[Gluster-devel] Disconnections and Corruption Under High Load

Thu Jan 7 10:44:43 UTC 2010

Anand Avati wrote:
> On Tue, Jan 5, 2010 at 5:31 PM, Gordan Bobic <gordan at bobich.net> wrote:
>> I've noticed a very high incidence of the problem I reported a while back,
>> that manifests itself in open files getting corrupted on commit, possibly
>> during conditions that involve server disconnections due to timeouts (very
>> high disk load). Specifically, I've noticed that my .viminfo file got
>> corrupted for the 3rd time today. Since this is root's .viminfo, and I'm
>> running glfs as root, I don't have the logs to verify the disconnections,
>> though. From what I can tell, a chunk of a dll somehow ends up in .viminfo,
>> but I'm not sure which one.
> 
> Can you describe the sequence of events? What kind of IO was being
> performed from all clients involved? Was vi opened (on the same file?)
> from multiple clients?
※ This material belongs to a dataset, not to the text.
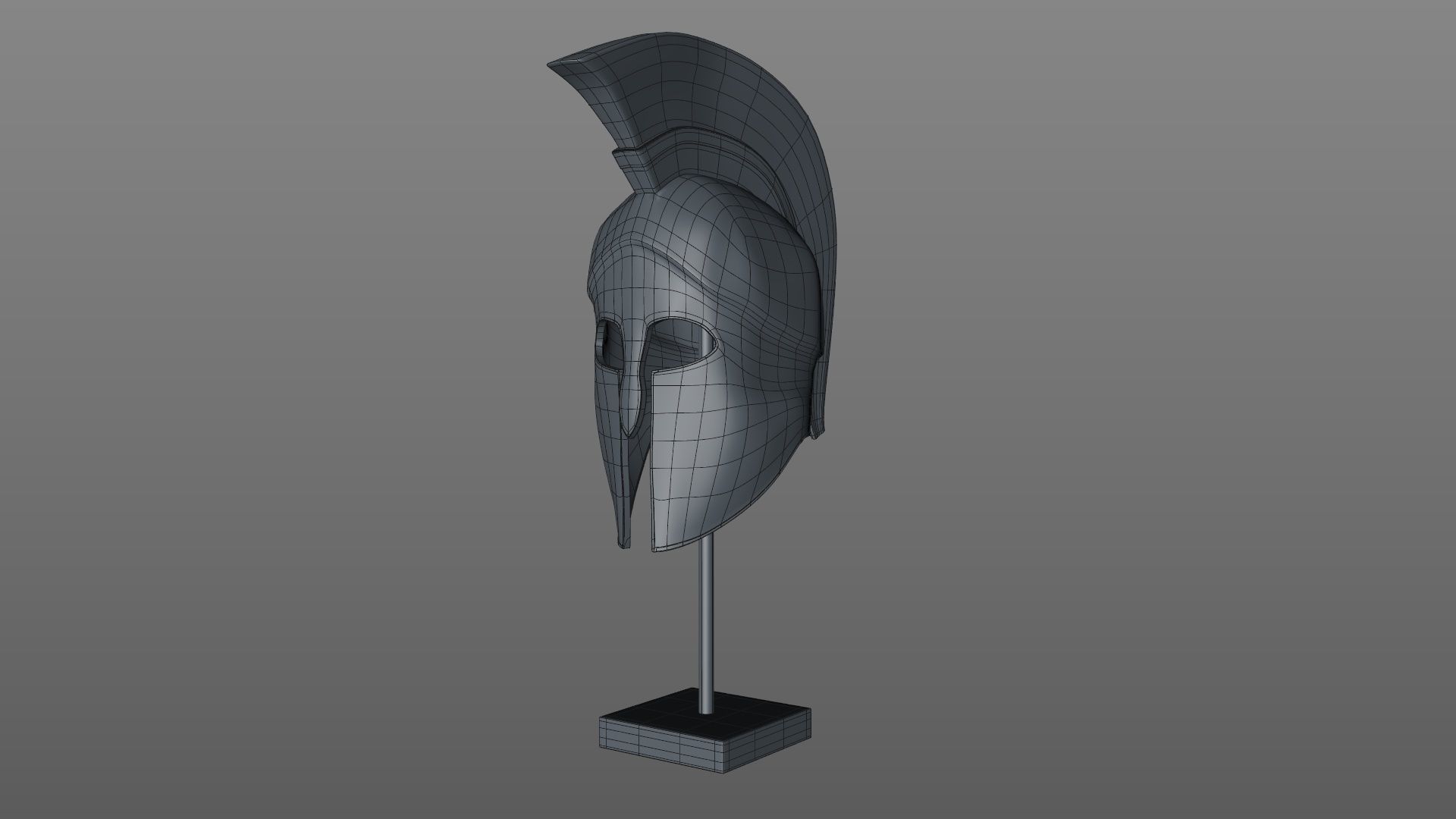 Ancient Greek Helmet Low-poly 3D model_9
Was some other kind of IO (rsync?) being
> performed on another client at the same time?

The I/O client was relatively lightweight - normal desktop use, web 
browser and mail reader open, a bunch of gnome-terminal windows. vi 
wasn't opened on any of the files that were open, the only things I was 
editing at the time was fstab and the gluster volume spec files. There 
is only one actual client machine (the one on my desk), if we don't 
count the AFR servers (which are also each other's clients).
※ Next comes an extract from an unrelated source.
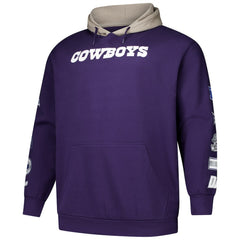 Dallas Cowboys Big & Tall Patched Out Pullover Hoodie - Purple for sale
The load/slowness on the system was caused purely by the disks being 
slow to respond due to the RAID check all the nodes were doing.
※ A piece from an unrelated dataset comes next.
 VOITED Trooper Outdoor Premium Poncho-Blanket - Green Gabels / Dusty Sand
It's all very heisenbuggy, I've seen it happen multiple times, but there 
doesn't appear to be a reliably reproducible set of circumstances that 
causes it.

>> On a different volume, I'm seeing other weirdness under the same high disk
>> load conditions (software RAID check/resync on all server nodes). This seems
>> to be specifically related to using writebehind+iocache on the client-side
>> on one of he servers, exported via unfsd (the one from the gluster ftp
>> site). What happens is that the /home volume simply seems to disappear
>> underneath unfsd! The attached log indicates a glusterfsd crash.
>>
>> This doesn't happen if I remove the writebehind and io-cache translators.
>>
>> Other notable things about the setup that might help figure out the cause of
>> this:
>>
>> - The other two servers are idle - they are not serving any requests. They
>> are, however, also under the same high disk load.
>>
>> - writebehind and io-cache is only applied on one server the one behing used
>> to export via unfsd. The other servers do not have those translators
>> applied. The volume config is attached. It is called home-cache.vol, but
>> this is the same file the log file refers to even though it is listed there
>> as home.vol.
>>
>> The problem specifically occurs when servers are undergoing high load of the
>> described nature that causes disk latencies to go up massively. I have not
>> observed any instances of a similar crash happening without the writebehind
>> and io-cache translators.
> 
> Can you send us a backtrace of the core from gdb (command: "thread
> apply all bt full")?

Will do.

Gordan